The present technology generally relates to heat spreaders used for thermal management applications, which disperse the heat away from device hot spots by having excellent thermal conductivity. Specifically, embodiments of the present invention relate to a heat spreader composed of hexagonal boron carbon nitride with a high thermal conductivity. It additionally concerns the adjustment of the thermal and electrical conductivities of this hexagonal boron carbon nitride heat spreader through the method of the controlling the carbon content of the material, allowing optimal tuning of the heat spreader.

BACKGROUND

With the size of electronic devices decreasing while their power increases there is an increasing amount of heat that gets trapped in these devices. Additionally localized hot spots form, limiting the overall performance of the device. This creates a desperate need for heat spreaders to dissipate heat from hot spots found on various electronic components such as IC chips and thermal interface materials to transfer heat into heat sinks. More materials with a high thermal conductivity and low electrical conductivity are needed to increase the performance of these heat spreaders.

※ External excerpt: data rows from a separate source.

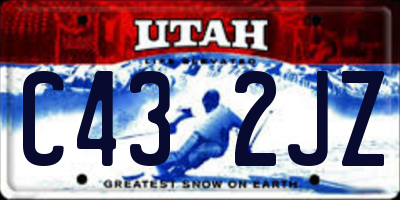 UT license plate C432JZ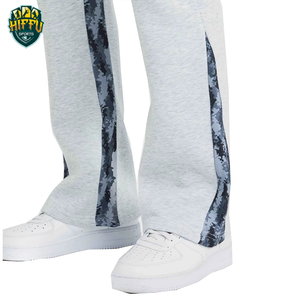 กางเกงขายาวผ้าฝ้ายพิมพ์ลายสำหรับผู้ชายกางเกงขาบานสำหรับผู้ชายกางเกงวินเทจผ้าเทอร์รี่100% - Product Image 3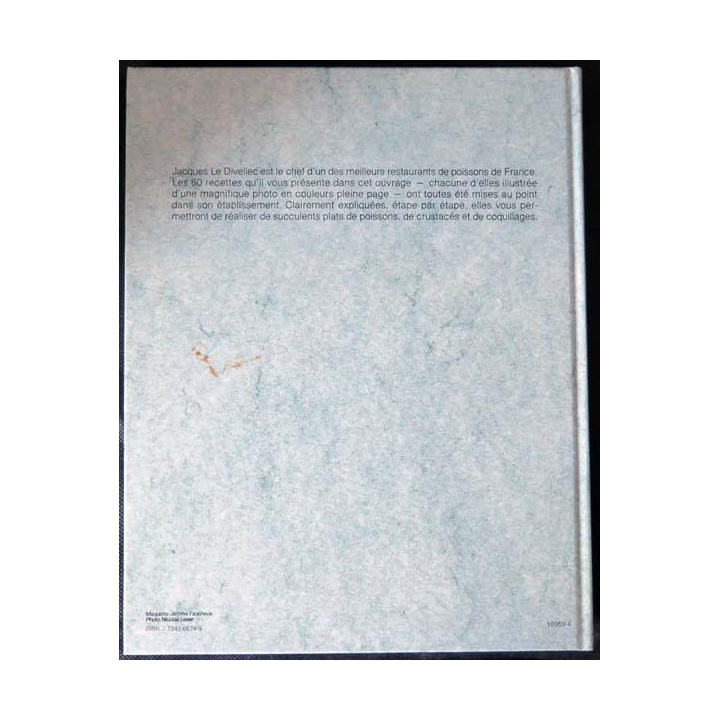 Les bons plats de la Mer de Jacques Le Divellec aux Editions France Loisirs (C 61)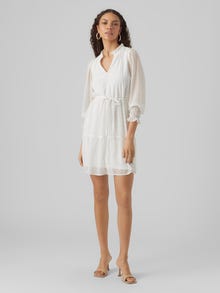 Vero Moda VMRIE Kort klänning -Snow White - 10290826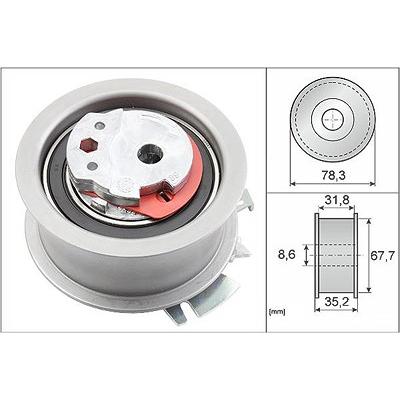 Schaeffler Ina Spannrolle, Zahnriemen [Hersteller-Nr. 531062830] für Audi, Chrysler, Dodge, Jeep, Mitsubishi, Seat, Skoda, VW Image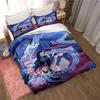 Убийца демонов, подарок из аниме-мультфильма King Twin Double Детский комплект постельного белья из микрофибры или полиэстера Пододеяльник Покрывало с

Graphene and hexagonal boron nitride (hBN) have demonstrated high thermal conductivity and have been utilized for thermal transport applications. Thin films tend to have higher performance compared to other versions as graphene and hBN possess a higher thermal conductivity with fewer amounts of layers. These films can be used as heat spreaders to effectively disperse heat away from hot spots on electronic devices.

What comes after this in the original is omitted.